Parmi toutes les preuves rassemblées par les enquêteurs, le Parquet peut également compter sur au moins 14 témoins qui ont formulé une demande auprès du Tribunal afin que leur identité ne soit pas dévoilée. Au deuxième jour d’audience, la question des témoins du crash du vol MH-17 a été longuement évoquée par les trois procureurs néerlandais. Ils ont souligné les risques importants et le danger encouru par ceux-ci. Afin de protéger les témoins, des numéros ont dû remplacer leurs noms de famille. Le témoin C21 était un des subordonnés du suspect Leonid Harchenko et a été impliqué dans le transport du missile BUK. Alors que le témoin M58 a apporté un témoignage concernant les personnes présentes sur le lieu du lancement du missile.
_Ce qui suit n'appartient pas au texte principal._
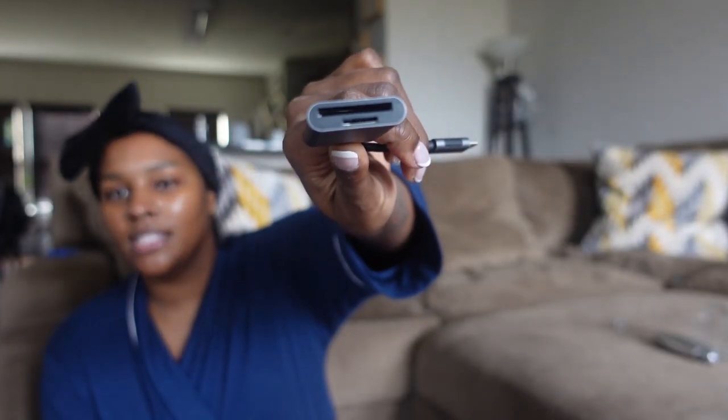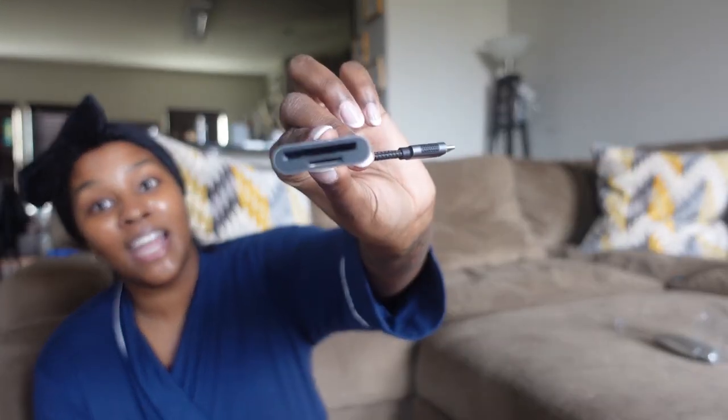Also in the tech category — everybody needs a card reader. This one has a micro SD slot and a full-size SD slot, so it's very handy to have around.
« Les témoins prennent de gros risques. Nous avons dû assurer leur protection afin qu’ils puissent témoigner sans que leur vie et leur santé ne soient menacées. Cela s’applique également aux témoins, dont les proches vivent sur les territoires occupés », a déclaré le procureur néerlandais Thijs Berger. Il a également souligné de nombreux cas de violations des droits de l’homme sur les territoires occupés. « L’un des témoins nous a dit qu’il craignait pour sa sécurité et que des personnes armées lui ont rendu visite à deux reprises. Il a donc dû quitter son lieu de résidence », a déclaré le procureur. Selon lui, certains témoins ont dit craindre des menaces de la Russie, en particulier des services spéciaux russes, et ont peur des représailles. Ils ont insisté pour conserver leur anonymat.

Les Pays-Bas n’ayant décrété aucun confinement pour le moment, malgré l’épidémie de Coronavirus qui touche l’Europe de plein fouet, les audiences dans cette affaire devraient reprendre le 23 mars. Selon les estimations de la justice néerlandaise, le procès pourrait durer entre 4 et 5 ans.